Start of Exercise data

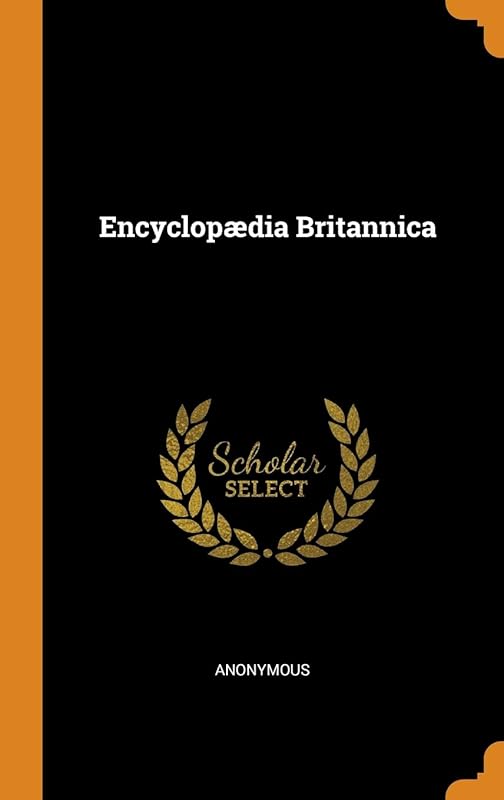 Encyclopædia Britannica by Anonymous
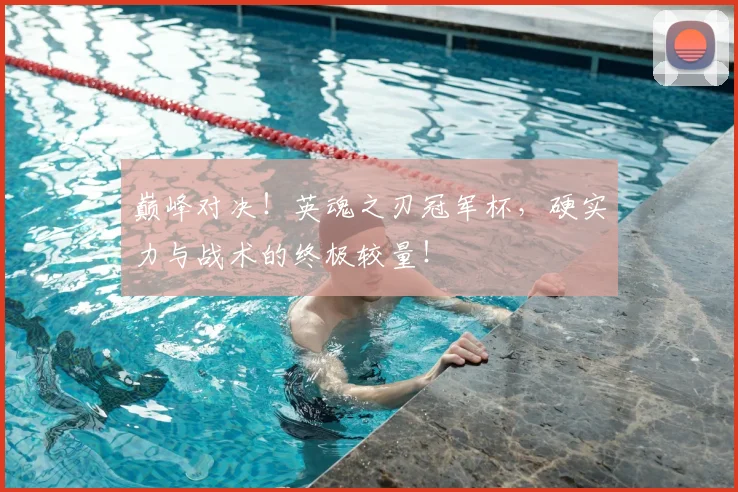 巅峰对决！英魂之刃冠军杯，硬实力与战术的终极较量！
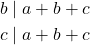 \begin{equation*} \begin{split} b &\mid a+b+c\\ c & \mid a+b+c \end{split} \end{equation*}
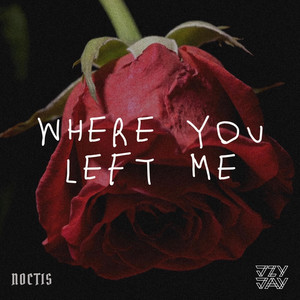 Where You Left Me by Jzy Jay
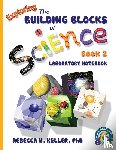 Keller, Rebecca W - Exploring the Building Blocks of Science Book 2 Laboratory Notebook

End of Exercise data

● Your assignment
The expected answer is an exact copy of the lines from the one containing "Where You Left Me by Jzy Jay" through the last line of the entries above, both included, without pictures.

● Response to the task
 Where You Left Me by Jzy Jay
 Keller, Rebecca W - Exploring the Building Blocks of Science Book 2 Laboratory Notebook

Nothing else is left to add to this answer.